In [30]:
from IPython.display import HTML
from IPython.display import display

tag = HTML('''
<style>
.advanced-cell {
    background-color: #e84c2250;
}
.advanced-cell::after {
    position: absolute;
    display: block;
    top: -2px;
    right: -2px;
    width: 5px;
    height: calc(100% + 3px);
    content: '';
    background: #e84c22;
}
.advanced-label-row {
    border-bottom: 1px solid #e84c22;
    display: flex;
    font-weight: bold;
}
.advanced-label {
    margin-left: auto;
    background-color: #e84c22;
    padding: 5px 8px;
    color: white;
    margin-right: -2px;
}
</style>
<script>

// A function to hide/show highlight advanced topics in the notebook
var highlighted = false;
function highlight_advanced_topics() {
    $(".advanced-cell").removeClass("advanced-cell");
    $(".advanced-label-row").remove();
    if(highlighted) {
        highlighted = false;
        return;
    }
    var advanced = false;
    $(".jp-Cell.jp-MarkdownCell,.jp-Cell.jp-CodeCell").each(function(){
        if(!advanced) {
            if($(this).find(".advanced-start").length > 0) {
                $(this).before("<div class='advanced-label-row'><span class='advanced-label'>Advanced Topic</span></div>");
                $(this).addClass("advanced-cell");
                advanced = true;
            }        
        } else {
            if($(this).find(".advanced-stop").length > 0) {
                if($(this).find(".advanced-start").length > 0) {
                    $(this).before("<div class='advanced-label-row' style='margin-top: 10px;'><span class='advanced-label'>Advanced Topic</span></div>");
                    $(this).addClass("advanced-cell");
                } else {
                    advanced = false;
                }
            } else {
                $(this).addClass("advanced-cell");
            }
        }
    });
    highlighted = true
}

(function() {
  // Load the script
  const script = document.createElement("script");
  script.src = 'https://ajax.googleapis.com/ajax/libs/jquery/3.6.0/jquery.min.js';
  script.type = 'text/javascript';
  script.addEventListener('load', () => {
    $(document).ready(highlight_advanced_topics);
  });
  document.head.appendChild(script);
})();
</script>
<div class="m-5 p-5"><span class="alert alert-block alert-danger">Advanced topics in notebook are highlighted!</span></div>''')
display(tag)

# Strings in Python

Strings are sequences of characters. Whichever our application may be, more often than not we end up processing strings at least to some extent in our programs. In Python, strings are objects of type `str` and a rich set of operators, functions, and methods is available for working with them.
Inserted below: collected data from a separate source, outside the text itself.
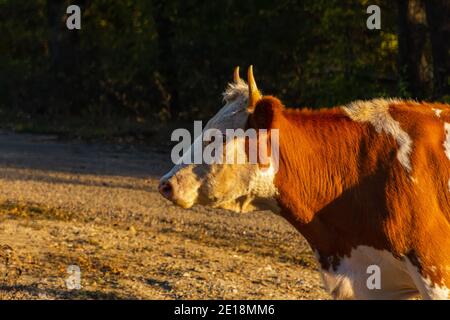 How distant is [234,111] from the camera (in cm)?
621

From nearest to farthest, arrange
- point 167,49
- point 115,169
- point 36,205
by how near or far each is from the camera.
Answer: point 36,205 < point 115,169 < point 167,49

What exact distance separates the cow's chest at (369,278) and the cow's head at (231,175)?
0.61m

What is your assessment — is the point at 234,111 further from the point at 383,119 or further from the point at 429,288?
the point at 429,288

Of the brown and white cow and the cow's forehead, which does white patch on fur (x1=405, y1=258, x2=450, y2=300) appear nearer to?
the brown and white cow

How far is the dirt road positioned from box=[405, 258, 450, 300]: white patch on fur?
3.19 metres

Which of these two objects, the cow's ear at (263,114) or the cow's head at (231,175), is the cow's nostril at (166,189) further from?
the cow's ear at (263,114)

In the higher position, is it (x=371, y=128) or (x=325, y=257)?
(x=371, y=128)

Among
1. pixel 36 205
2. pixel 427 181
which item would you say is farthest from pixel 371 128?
pixel 36 205

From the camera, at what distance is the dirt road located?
364 inches

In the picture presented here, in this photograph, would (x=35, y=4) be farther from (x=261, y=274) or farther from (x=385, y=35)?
(x=261, y=274)

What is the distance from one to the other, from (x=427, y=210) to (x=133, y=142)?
15.9 metres

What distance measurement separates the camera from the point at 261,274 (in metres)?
9.99

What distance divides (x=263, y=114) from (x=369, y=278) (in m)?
1.15

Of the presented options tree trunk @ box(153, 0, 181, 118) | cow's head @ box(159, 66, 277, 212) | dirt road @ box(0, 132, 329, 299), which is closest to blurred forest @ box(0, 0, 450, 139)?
tree trunk @ box(153, 0, 181, 118) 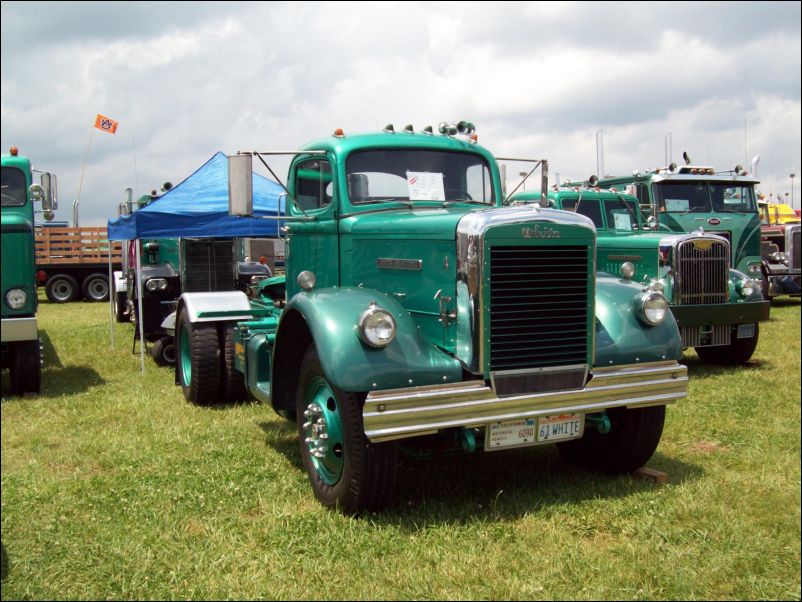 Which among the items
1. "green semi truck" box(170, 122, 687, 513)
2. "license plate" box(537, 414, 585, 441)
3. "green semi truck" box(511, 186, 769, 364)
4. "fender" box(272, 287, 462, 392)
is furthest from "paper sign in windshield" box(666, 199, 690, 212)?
"fender" box(272, 287, 462, 392)

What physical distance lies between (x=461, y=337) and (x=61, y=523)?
2.55m

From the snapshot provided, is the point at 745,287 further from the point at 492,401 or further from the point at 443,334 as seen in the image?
the point at 492,401

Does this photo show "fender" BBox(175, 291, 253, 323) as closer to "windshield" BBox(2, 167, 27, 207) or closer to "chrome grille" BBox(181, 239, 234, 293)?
"windshield" BBox(2, 167, 27, 207)

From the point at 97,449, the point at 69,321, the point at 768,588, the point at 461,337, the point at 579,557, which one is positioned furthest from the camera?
the point at 69,321

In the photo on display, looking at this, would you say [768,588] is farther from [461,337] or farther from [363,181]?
[363,181]

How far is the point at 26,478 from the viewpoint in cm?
511

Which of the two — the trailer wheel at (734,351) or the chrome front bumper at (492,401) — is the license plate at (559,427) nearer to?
the chrome front bumper at (492,401)

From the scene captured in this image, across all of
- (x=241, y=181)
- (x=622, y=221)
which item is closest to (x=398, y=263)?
(x=241, y=181)

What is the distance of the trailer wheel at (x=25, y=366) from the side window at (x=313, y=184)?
3696mm

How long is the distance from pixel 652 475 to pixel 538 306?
4.90 ft

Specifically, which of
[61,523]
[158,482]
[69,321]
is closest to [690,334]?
[158,482]

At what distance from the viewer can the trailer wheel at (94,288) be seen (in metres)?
23.1

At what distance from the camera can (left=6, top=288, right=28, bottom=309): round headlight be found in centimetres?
762

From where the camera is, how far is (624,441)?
196 inches
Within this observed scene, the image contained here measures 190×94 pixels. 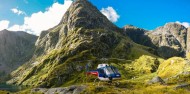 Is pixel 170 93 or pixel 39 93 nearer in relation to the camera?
pixel 170 93

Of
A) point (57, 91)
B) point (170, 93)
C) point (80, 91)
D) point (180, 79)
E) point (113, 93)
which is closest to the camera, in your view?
point (170, 93)

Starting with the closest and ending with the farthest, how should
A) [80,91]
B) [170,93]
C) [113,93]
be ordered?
[170,93] < [113,93] < [80,91]

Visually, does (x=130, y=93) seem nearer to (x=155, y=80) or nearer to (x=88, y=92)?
(x=88, y=92)

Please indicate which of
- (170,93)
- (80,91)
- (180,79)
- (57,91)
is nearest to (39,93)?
(57,91)

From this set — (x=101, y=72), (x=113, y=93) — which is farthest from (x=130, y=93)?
(x=101, y=72)

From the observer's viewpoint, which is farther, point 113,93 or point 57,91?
point 57,91

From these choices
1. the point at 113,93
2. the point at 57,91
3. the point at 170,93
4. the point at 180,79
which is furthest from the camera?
the point at 180,79

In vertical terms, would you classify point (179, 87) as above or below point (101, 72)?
below

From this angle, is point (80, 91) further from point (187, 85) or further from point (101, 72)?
point (187, 85)

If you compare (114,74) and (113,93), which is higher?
(114,74) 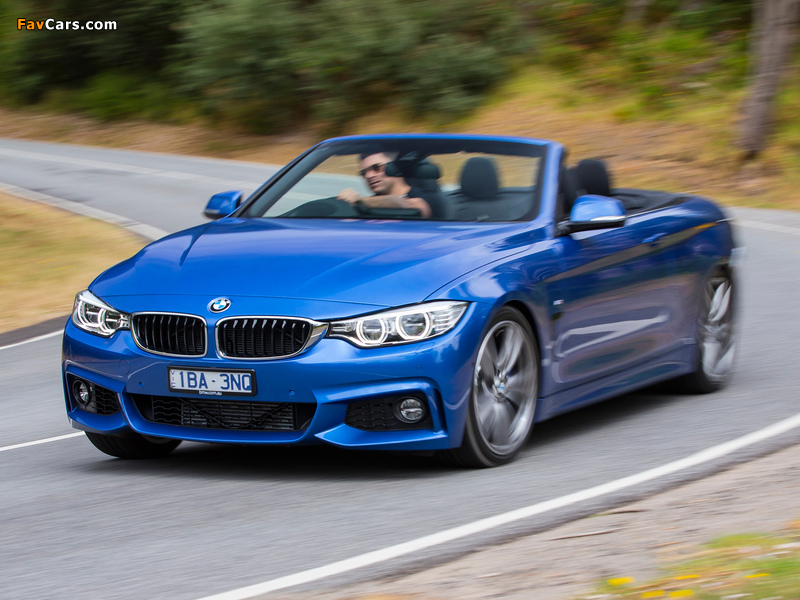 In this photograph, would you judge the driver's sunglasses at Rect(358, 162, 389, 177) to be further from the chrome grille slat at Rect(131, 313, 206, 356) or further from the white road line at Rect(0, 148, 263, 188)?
the white road line at Rect(0, 148, 263, 188)

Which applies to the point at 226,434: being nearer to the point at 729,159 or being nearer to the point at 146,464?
the point at 146,464

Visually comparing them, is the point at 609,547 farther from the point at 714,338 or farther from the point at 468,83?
the point at 468,83

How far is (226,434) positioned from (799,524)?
2261 mm

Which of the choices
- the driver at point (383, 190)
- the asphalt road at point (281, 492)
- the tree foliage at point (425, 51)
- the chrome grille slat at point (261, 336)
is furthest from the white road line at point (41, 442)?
the tree foliage at point (425, 51)

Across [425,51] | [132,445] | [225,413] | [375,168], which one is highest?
[375,168]

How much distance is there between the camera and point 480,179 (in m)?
6.44

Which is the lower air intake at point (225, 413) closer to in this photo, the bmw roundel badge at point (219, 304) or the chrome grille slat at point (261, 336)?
the chrome grille slat at point (261, 336)

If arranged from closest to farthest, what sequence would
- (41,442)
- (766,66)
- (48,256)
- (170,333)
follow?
(170,333) < (41,442) < (48,256) < (766,66)

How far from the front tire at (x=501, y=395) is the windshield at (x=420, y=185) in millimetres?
832

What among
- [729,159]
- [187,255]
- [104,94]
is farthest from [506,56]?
[187,255]

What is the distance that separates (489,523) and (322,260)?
147cm

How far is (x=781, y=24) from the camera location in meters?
21.3

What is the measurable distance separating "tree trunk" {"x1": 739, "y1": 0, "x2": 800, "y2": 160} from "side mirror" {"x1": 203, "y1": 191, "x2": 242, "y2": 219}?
646 inches

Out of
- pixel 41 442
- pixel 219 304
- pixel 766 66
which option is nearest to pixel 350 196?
pixel 219 304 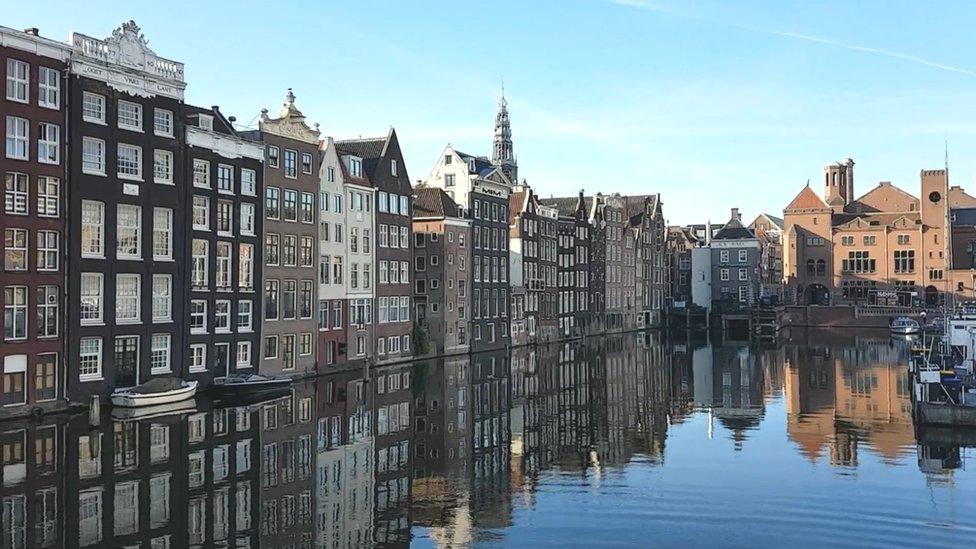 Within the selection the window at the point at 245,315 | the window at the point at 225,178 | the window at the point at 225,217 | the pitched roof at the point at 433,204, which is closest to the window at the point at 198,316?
the window at the point at 245,315

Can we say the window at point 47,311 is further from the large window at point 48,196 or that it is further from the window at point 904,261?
the window at point 904,261

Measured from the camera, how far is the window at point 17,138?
4597cm

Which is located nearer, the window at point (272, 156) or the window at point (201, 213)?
the window at point (201, 213)

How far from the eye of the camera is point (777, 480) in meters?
33.0

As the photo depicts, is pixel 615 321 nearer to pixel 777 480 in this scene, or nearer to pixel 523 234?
pixel 523 234

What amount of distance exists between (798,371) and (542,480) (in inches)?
1980

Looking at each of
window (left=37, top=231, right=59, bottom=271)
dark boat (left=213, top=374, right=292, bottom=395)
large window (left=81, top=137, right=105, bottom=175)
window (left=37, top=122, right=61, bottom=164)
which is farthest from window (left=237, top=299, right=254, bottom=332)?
window (left=37, top=122, right=61, bottom=164)

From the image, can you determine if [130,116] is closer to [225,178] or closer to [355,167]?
[225,178]

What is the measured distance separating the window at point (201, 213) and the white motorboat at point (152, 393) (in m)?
11.0

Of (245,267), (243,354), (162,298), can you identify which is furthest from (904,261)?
(162,298)

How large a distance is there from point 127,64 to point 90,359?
1726 cm

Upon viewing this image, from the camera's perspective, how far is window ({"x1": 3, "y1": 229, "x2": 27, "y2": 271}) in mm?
45375

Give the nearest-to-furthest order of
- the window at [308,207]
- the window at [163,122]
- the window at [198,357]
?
the window at [163,122], the window at [198,357], the window at [308,207]

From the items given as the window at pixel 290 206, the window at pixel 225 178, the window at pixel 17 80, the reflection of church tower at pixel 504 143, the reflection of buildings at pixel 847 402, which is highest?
the reflection of church tower at pixel 504 143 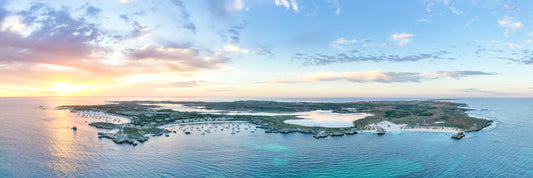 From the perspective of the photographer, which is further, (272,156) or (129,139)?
(129,139)

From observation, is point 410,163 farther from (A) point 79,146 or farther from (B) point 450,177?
(A) point 79,146

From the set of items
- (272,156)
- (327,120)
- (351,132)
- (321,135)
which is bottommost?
(272,156)

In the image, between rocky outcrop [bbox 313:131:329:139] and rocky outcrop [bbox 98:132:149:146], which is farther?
rocky outcrop [bbox 313:131:329:139]

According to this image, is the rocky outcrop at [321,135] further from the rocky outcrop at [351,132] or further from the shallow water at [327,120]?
the shallow water at [327,120]

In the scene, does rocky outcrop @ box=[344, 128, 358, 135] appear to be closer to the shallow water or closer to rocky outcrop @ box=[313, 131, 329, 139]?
rocky outcrop @ box=[313, 131, 329, 139]

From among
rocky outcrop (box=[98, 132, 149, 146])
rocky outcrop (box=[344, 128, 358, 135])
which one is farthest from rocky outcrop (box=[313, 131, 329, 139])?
rocky outcrop (box=[98, 132, 149, 146])

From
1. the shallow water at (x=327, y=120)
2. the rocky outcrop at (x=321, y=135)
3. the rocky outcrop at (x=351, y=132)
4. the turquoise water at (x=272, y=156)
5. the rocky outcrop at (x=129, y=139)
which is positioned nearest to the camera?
the turquoise water at (x=272, y=156)

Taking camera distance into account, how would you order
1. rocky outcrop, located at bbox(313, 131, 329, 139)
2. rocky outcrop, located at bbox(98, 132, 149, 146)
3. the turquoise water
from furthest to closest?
rocky outcrop, located at bbox(313, 131, 329, 139)
rocky outcrop, located at bbox(98, 132, 149, 146)
the turquoise water

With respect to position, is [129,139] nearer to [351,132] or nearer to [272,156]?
[272,156]

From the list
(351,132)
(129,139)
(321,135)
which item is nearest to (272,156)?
(321,135)

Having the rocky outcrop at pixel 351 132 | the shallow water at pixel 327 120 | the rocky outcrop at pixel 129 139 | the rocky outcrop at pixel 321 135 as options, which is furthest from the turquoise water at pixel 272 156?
the shallow water at pixel 327 120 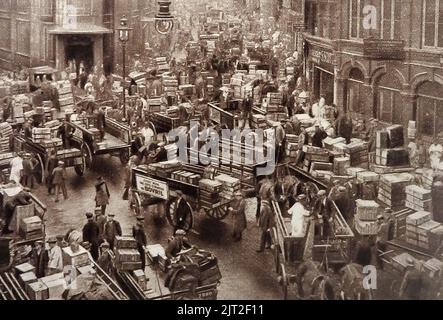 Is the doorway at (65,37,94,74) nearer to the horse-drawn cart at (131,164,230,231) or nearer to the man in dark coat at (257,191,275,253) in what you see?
the horse-drawn cart at (131,164,230,231)

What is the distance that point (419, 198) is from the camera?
42.8 ft

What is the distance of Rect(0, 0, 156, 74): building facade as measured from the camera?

Strings are a fundamental data type but they also have some quirks you should know about. Let's have a closer look.

## String literals
A **string literal** is an expression that we can use to represent a specific string value. String literals can be defined by enclosing a sequence of characters using either single or double quotes.

In [56]:
str1 = "StringLiteral"
str2 = 'StringLiteral'
print(type(str1), type(str2))
print(str1 == str2)

<class 'str'> <class 'str'>
True
True


A string in Python can contain as many characters as our memory allows and can also be empty. We can use the built-in function `len()` to get the length of a string.

In [119]:
empty = ""
print(empty)
print(len(empty))


0


We can use a backslash (`\`) to suppress or apply a special interpretation of certain characters within a string. A backslash followed by one of more characters is referred to an escape sequence. For instance we can suppress the special interpretation of the single quote in a string literal defined using single quotes:

In [53]:
string_with_quotes = 'I\'m a string that\'s not afraid to use quotes!'
print(string_with_quotes)

I'm a string that's not afraid to use quotes!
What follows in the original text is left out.